Inference Serving Glossary¶
The literacy target for Phase 1. The goal is to explain each of these out loud, without notes, and say why it matters for a platform.
Request lifecycle¶
- Prefill: the first forward pass that processes the entire input prompt and produces the first output token. Compute-bound: work scales with prompt length, saturating GPU compute (FLOPs). Long prompts make prefill expensive.
- Decode: the autoregressive loop that generates one token at a time after prefill. Memory-bandwidth-bound: each step reads the whole model plus KV cache from GPU memory to produce one token, so it's limited by memory bandwidth, not compute.
- Disaggregated prefill/decode: running prefill and decode on separate GPU pools because they have opposite bottlenecks. This lets each pool be sized and scaled independently. It is the defining architecture in NVIDIA Dynamo and llm-d.
Memory and batching¶
- KV cache: cached key/value tensors for every token already processed, so decode doesn't recompute attention over the whole sequence each step. It grows linearly with sequence length × batch size. It is the dominant consumer of GPU memory during serving, and therefore the real ceiling on concurrency.
- PagedAttention: vLLM's technique that manages KV cache in fixed-size "pages" (like OS virtual memory) instead of one contiguous block per request. It slashes memory fragmentation, so you fit far more concurrent requests on the same GPU.
- Continuous (in-flight) batching: instead of waiting to assemble a fixed batch, the scheduler adds and evicts requests from the running batch every decode step. New requests join immediately, and finished ones free their slots immediately. This is the single biggest throughput win in modern serving.
Metrics and SLIs¶
- TTFT (Time To First Token): latency from request arrival to the first token. Dominated by queueing and prefill. It is the metric users feel first, and the primary latency SLI.
- ITL / TPOT (Inter-Token Latency / Time Per Output Token): time between successive output tokens during decode. Drives perceived "typing speed."
- Throughput: tokens per second (and requests per second) the system sustains across all concurrent requests. Trades off against latency, since bigger batches raise throughput but worsen TTFT and ITL.
- Goodput: throughput that also meets latency SLOs. The number that actually matters for capacity planning.
Engines (the layer that runs the model)¶
- vLLM: open-source, PagedAttention plus continuous batching, OpenAI-compatible server. The fast path to a running endpoint and the default starting point.
- TensorRT-LLM: NVIDIA's compiled-kernel engine for peak throughput and latency on NVIDIA hardware. More setup, highest performance.
- SGLang: engine with RadixAttention (prefix-cache reuse), strong for structured generation and high-concurrency workloads.
Servers and platforms (the layer that operates engines)¶
- KServe: CNCF project that standardizes model serving on Kubernetes. Its
LLMInferenceServiceabstracts GPU scheduling, autoscaling, and prefill/decode disaggregation. The Phase 2 anchor. - Ray Serve: Python-native serving with GPU scheduling, KV-cache-aware autoscaling, and canary patterns.
- NVIDIA Dynamo (Dynamo-Triton): successor to Triton, with disaggregated serving and smart routing across GPU pools.
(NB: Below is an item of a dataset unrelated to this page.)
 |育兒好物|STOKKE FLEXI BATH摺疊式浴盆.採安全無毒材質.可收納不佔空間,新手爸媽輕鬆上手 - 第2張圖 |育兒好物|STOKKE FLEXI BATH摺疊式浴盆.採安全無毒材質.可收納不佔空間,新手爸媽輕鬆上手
- Envoy AI Gateway: token-aware rate limiting, model routing, and multi-tenant traffic shaping in front of the engines.
Scaling and economics¶
- Inference-aware autoscaling: scaling on signals like TTFT p95, queue depth, or KV-cache utilization rather than CPU. CPU is nearly meaningless for GPU inference, and KV-cache pressure and latency are the real saturation signals. KEDA drives this from Prometheus metrics.
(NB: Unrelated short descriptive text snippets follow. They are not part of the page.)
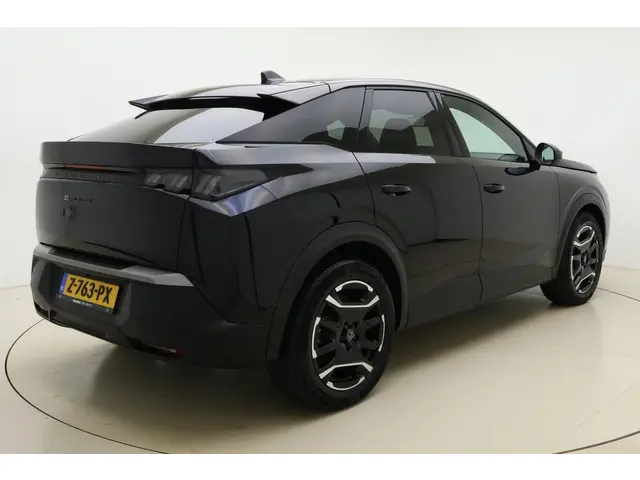 Peugeot e-3008 Allure 73 kWh 2024 Elektrisch 2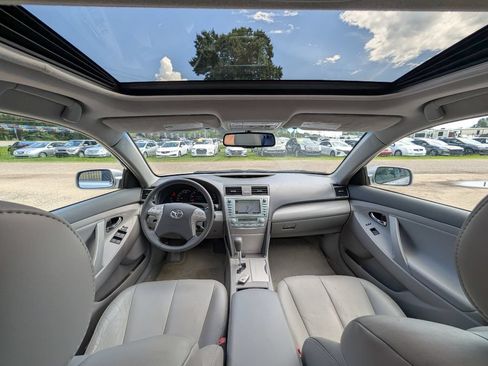 Used 2008 Toyota Camry Hybrid w/ Upgrade Pkg w/ Navigation FWD image 6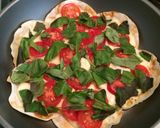 簡単！フライパンで餃子の皮のパリパリピザ作り方4写真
- GPU economics: accelerators are the dominant cost. Utilization (keeping the GPU busy with useful batched work), quantization (lower-precision weights, so more fits per GPU and faster decode), and batching all change cost-per-million-tokens.
- Cost-per-million-tokens: the unit economic that ties latency, batching, utilization, and GPU price together. The number to optimize and to report in the capstone write-up.